The Labour Party now has two months to decide the thrust of its approach under a leader who will be the first to have been chosen by an Irish party on a ballot of members.
Ruairí Quinn's unselfish decision to announce this week that he intends to quit in October allows the party to embark on a logical course and make the two changes at once - when the result of the postal ballot of all 3,600 members is known.
Ideally the winner - on the strength of his or her campaign - will be the author of Labour's new departure. And that, members hope, will not only reflect a sharper social democratic edge defining the party but the electorate's growing frustration at the failure of the Fianna Fáil-Progressive Democrat coalition to live up to either party's election promises.
Independent commentators, as well as Labour strategists, have admitted to being puzzled by the success of the coalition partners in May, especially when Fianna Fáil's poor campaign and refusal to debate are compared with Labour's well-prepared and scrupulously costed policy on health, generally agreed to have been the central issue in the election.

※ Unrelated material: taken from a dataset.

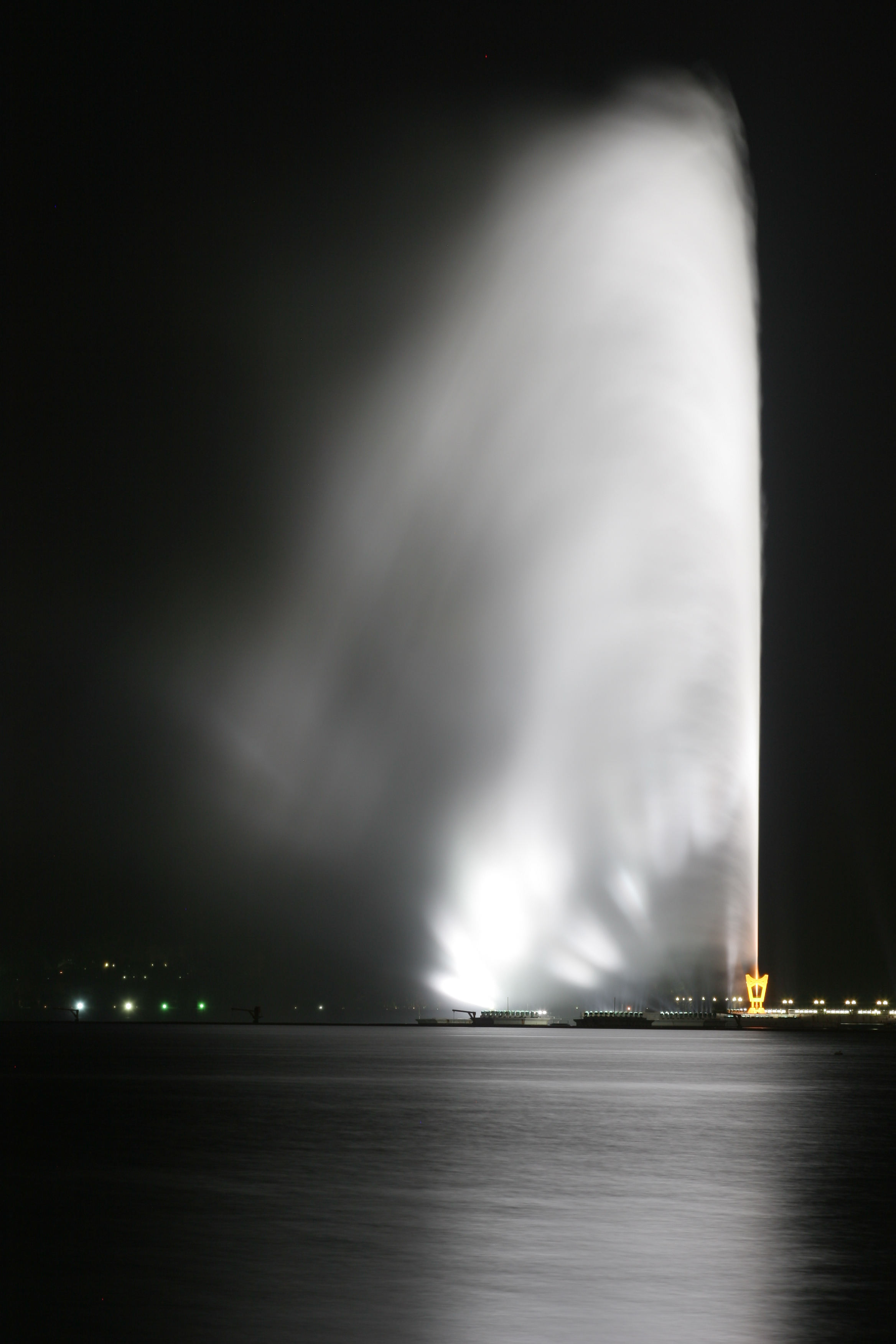 King Fahd's Fountain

For Labour, there's also a stinging irony in the electorate's anger now given its willingness, during the campaign, to take Fianna Fáil's word for it that Labour was unreliable on cost and delivery.

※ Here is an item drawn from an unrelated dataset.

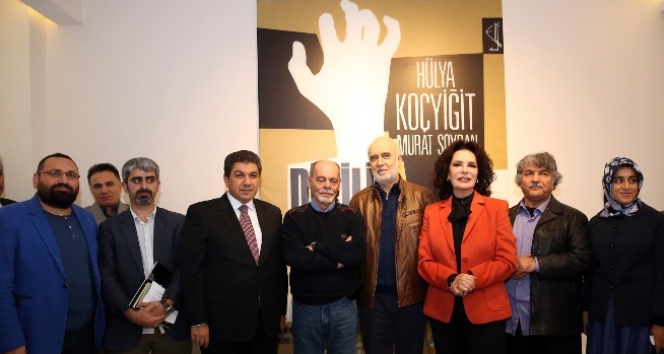 Hülya Koçyiğit’ten uyuşturucu bağımlılarına film tavsiyesi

Leaders, former leaders and would-be leaders are at a loss to say why Labour didn't fare as well as Quinn, among others, had expected.
Dick Spring said it should have made more of its points of difference with Fianna Fáil, Fine Gael and the Progressive Democrats. Quinn himself said Labour should have adopted a more popular approach - made more use of slogans was how he put it.
Many, like Róisín Shortall, believed the electorate still suspected that if Labour were given the chance it would join Fianna Fáil in government as it had done in 1992.
Some commentators who prefer to discuss the leadership of the party than its direction say there are too few likely contenders. I disagree. Labour has had some leaders, like Frank Cluskey, who were better than the party they led; others, like Dick Spring and Ruairí Quinn, are still highly regarded by the European social democrats among whom they served (as John Bruton acknowledged).
There are several potential leaders in the party now - Pat Rabbitte, Brendan Howlin, Eamon Gilmore, Michael D. Higgins, Liz McManus - all of them capable of arguing the case for social democratic advances.
The conservative parties would like to see Labour confined to what they regard as its traditional areas, so-called welfarist issues in spending departments where the big boys with tight fists and expensive cronies rule the roost and can keep an eye on them.
It's not like that any more. Quinn was an exemplary minister for finance - if only the wretched McCreevy had followed his example - and Spring's forensic examination of Haughey's affairs left the latter without a hiding place. And if everyone on the Government's side were as well informed about animal welfare as Mary Upton, Joe Walsh would have fewer worries. But it's easier to continue with the pretence that Labour is a tax-and-spend party than to respond to the evidence which shows the party's authority and the wide experience of its members.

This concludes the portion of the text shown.